This digital exhibit is designed to complement The Lives of Dalhousie University Volume One, 1818-1925: Lord Dalhousie's College by Peter B. Waite. You can find the complete book online at https://digitaleditions.library.dal.ca/livesofdalv1/ or in DalSpace.
To explore Dalhousie's history after 1925, visit the second part of this exhibit: The Lives of Dalhousie University Volume Two, 1925-1980: The Old College Transformed.
The idea to create a digital exhibit based on the The Lives of Dalhousie University originated with plans to celebrate Dalhousie's 200th anniversary in 2018. The timing of this exhibit is intended to coincide with those celebrations. The purpose of the exhibit is to provide greater access to content from the original print volumes. In some cases, we highlight individuals and events that are covered in the book, while in other cases we focus on topics that are either alluded to in the original or simply related in a tangential way. Our intention is to take advantage of an exhibiting format to provide greater visual access to Dalhousie’s rich and colourful past. Ultimately, our goal is to provide insight into the lives of Dalhousians over the last 200 years.
The Lives of Dalhousie University was written by Peter B. Waite, Dalhousie’s historian, from 1986-1992. The two-volume book chronicles Dalhousie’s history from Lord Dalhousie’s arrival in Nova Scotia in 1816 to the end of Henry Hicks’ presidency in 1980. Waite relied heavily on collections at the Dalhousie University Archives, the Nova Scotia Archives, and other institutions for his research. It is hoped that this exhibit will showcase some of the archival material that informed Waite’s research, as well as other material held at the Dalhousie University Archives that will supplement the book.

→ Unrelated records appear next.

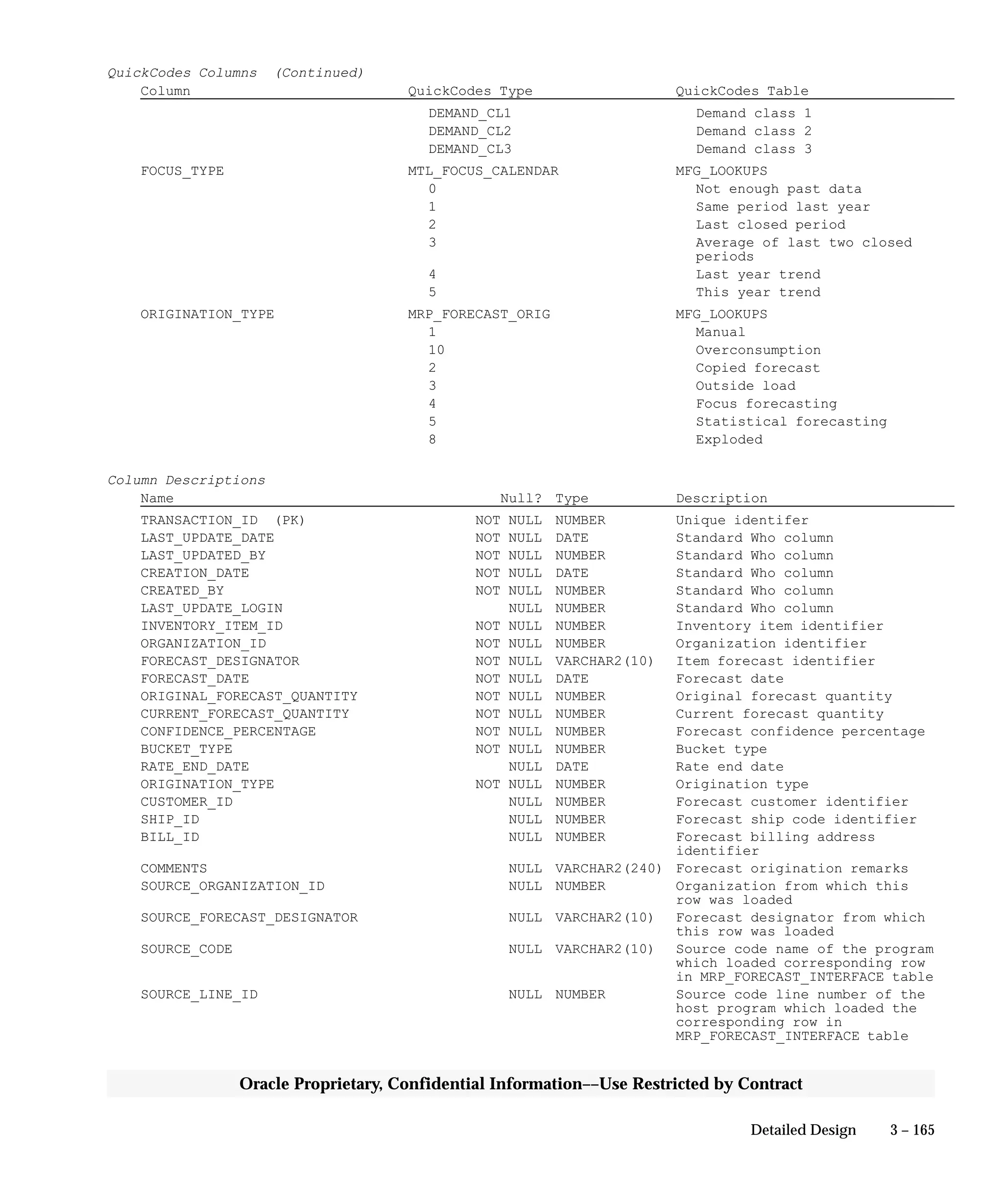 3 – 165Detailed Design
Oracle Proprietary, Confidential Information––Use Restricted by Contract
QuickCodes Columns (Continued)
Column QuickCodes Type QuickCodes Table
DEMAND_CL1 Demand class 1
DEMAND_CL2 Demand class 2
DEMAND_CL3 Demand class 3
FOCUS_TYPE MTL_FOCUS_CALENDAR MFG_LOOKUPS
0 Not enough past data
1 Same period last year
2 Last closed period
3 Average of last two closed
periods
4 Last year trend
5 This year trend
ORIGINATION_TYPE MRP_FORECAST_ORIG MFG_LOOKUPS
1 Manual
10 Overconsumption
2 Copied forecast
3 Outside load
4 Focus forecasting
5 Statistical forecasting
8 Exploded
Column Descriptions
Name Null? Type Description
TRANSACTION_ID (PK) NOT NULL NUMBER Unique identifer
LAST_UPDATE_DATE NOT NULL DATE Standard Who column
LAST_UPDATED_BY NOT NULL NUMBER Standard Who column
CREATION_DATE NOT NULL DATE Standard Who column
CREATED_BY NOT NULL NUMBER Standard Who column
LAST_UPDATE_LOGIN NULL NUMBER Standard Who column
INVENTORY_ITEM_ID NOT NULL NUMBER Inventory item identifier
ORGANIZATION_ID NOT NULL NUMBER Organization identifier
FORECAST_DESIGNATOR NOT NULL VARCHAR2(10) Item forecast identifier
FORECAST_DATE NOT NULL DATE Forecast date
ORIGINAL_FORECAST_QUANTITY NOT NULL NUMBER Original forecast quantity
CURRENT_FORECAST_QUANTITY NOT NULL NUMBER Current forecast quantity
CONFIDENCE_PERCENTAGE NOT NULL NUMBER Forecast confidence percentage
BUCKET_TYPE NOT NULL NUMBER Bucket type
RATE_END_DATE NULL DATE Rate end date
ORIGINATION_TYPE NOT NULL NUMBER Origination type
CUSTOMER_ID NULL NUMBER Forecast customer identifier
SHIP_ID NULL NUMBER Forecast ship code identifier
BILL_ID NULL NUMBER Forecast billing address
identifier
COMMENTS NULL VARCHAR2(240) Forecast origination remarks
SOURCE_ORGANIZATION_ID NULL NUMBER Organization from which this
row was loaded
SOURCE_FORECAST_DESIGNATOR NULL VARCHAR2(10) Forecast designator from which
this row was loaded
SOURCE_CODE NULL VARCHAR2(10) Source code name of the program
which loaded corresponding row
in MRP_FORECAST_INTERFACE table
SOURCE_LINE_ID NULL NUMBER Source code line number of the
host program which loaded the
corresponding row in
MRP_FORECAST_INTERFACE table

Every chapter from the original text is represented as a menu item in the exhibit. In each case we offer an excerpt from that chapter, with a link to the full text. The secondary menu items under each chapter are the core of the exhibit. They provide additional background material on topics that are important to Dalhousie’s history. Each topic has been illustrated with material from the Dalhousie University Archives, which has all been digitized and is available via the Archives finding aid or Dalspace.